Hewer, Hutton, [2022] “Subtyping Without Reduction”
The paper presents two quotiented encodings of subtypes - 1) a sigma with a propositionally truncated inductive family and 2) an inductive-recursive family with an injectivity constraint on the simultaneously defined function; both are formalized in Cubical Agda. The motivation for this is that operations on subtypes tend to overcompute the embedded predicate, which can greatly slow down typechecking. The first half of the paper takes the subtype of even numbers and addition as the operation on it as the running example.
The crux of the first idea is to encode the predicate that defines the subtype membership as an inductive type, adding the expensive operations closed under the predicate (e.g., the addition mentioned above) as “non-canonical” constructors. Doing this throws the family out of the propositional class (since proofs of the same fact can now be obtained via different terms, e.g., by adding zeroes). This problem can be fixed by doing the so-called prop-truncation, i.e., by postulating equality of all proofs of the same type with a higher constructor. For convenience, one can construct an isomorphism between a “canonical” evenness predicate and a quotiented one. Eliminating from such a predicate back to nats can be done by introducing an intermediate sigma-prop or recursion on numerical indices.
The second idea is to use a higher inductive-recursive definition for the whole subtype. That is, we build structurally even numbers with embedded addition at once while defining the function toN for projecting into nats and adding a higher constructor for injectivity of toN. The construction of an isomorphism with the previous definition is outlined here verbally, but there is no available code. I had to reconstruct it based on further sections (on top of the cubical-mini library): see the gist.
Both techniques boil down to building DSLs for operations on subtypes - blocking reductions by encoding functions with data and speeding up typechecking.

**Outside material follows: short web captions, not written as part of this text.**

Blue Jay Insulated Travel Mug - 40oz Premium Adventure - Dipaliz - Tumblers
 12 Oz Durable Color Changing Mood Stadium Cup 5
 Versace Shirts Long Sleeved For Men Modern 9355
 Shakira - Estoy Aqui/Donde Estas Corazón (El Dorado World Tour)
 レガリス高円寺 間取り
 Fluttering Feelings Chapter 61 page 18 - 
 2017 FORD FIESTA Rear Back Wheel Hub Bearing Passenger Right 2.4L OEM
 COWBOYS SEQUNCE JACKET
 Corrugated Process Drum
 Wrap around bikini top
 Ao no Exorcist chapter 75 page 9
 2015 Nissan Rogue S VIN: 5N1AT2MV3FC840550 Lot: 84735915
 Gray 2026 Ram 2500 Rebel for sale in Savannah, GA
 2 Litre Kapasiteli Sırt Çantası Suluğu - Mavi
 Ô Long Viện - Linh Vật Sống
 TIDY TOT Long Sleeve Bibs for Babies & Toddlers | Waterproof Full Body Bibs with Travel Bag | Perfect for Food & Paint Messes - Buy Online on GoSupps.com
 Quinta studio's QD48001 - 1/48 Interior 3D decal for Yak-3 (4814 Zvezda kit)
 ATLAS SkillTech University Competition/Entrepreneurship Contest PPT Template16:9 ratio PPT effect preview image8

Next, the authors decide to switch to an example with finite ordered sets Fin, encode them as a sigma of nat and inductive inequality (with constructors 0 < S _ and x < y -> S x < S y), immediately forget about the initial motivation and continue to work only with the inequality type itself - they bake in constructors for transitivity and difference-by-one (plus prop-truncation) into it, emphasize that the proofs over the extended version preserve the new constructors, not “normalize” them to two canonical ones. They also promise to show the higher-inductive-recursive variant in code - but it’s not there either.
Next, the paper proceeds to formalize a generalization of the first idea with quotiented free monads (IF) over indexed containers and their morphisms - this is called a “propositional monad,” and its free version is constructed. As another example, the authors show how to build a subtype of lists where elements are related pairwise by a given propositional relation on top of this construction. Next, they formalize a generalization of the second idea with higher-induction-recursion (IR), calling it a “free extension of the subtype”, using fibers over indexed containers, and describe in detail the construction of an isomorphism between this encoding and IF, transporting the list example.
The authors sketch how to generalize the approach to sigmas, where the second component is an arbitrary indexed type (not just a proposition), taking vectors as an example and baking in concatenation as a constructor. Propositional free monads are no longer sufficient to handle this; “freely represented families” over containers are needed.
The paper mentions SProp, erasure annotations, and abstract definitions as related approaches. The problem with the first two is insufficient composability; with the latter, there is the need for additional proofs. Specifying arbitrary equalities between operations, deriving a combinatorial language for subtypes, and finding more convenient eliminators are named as directions for future work.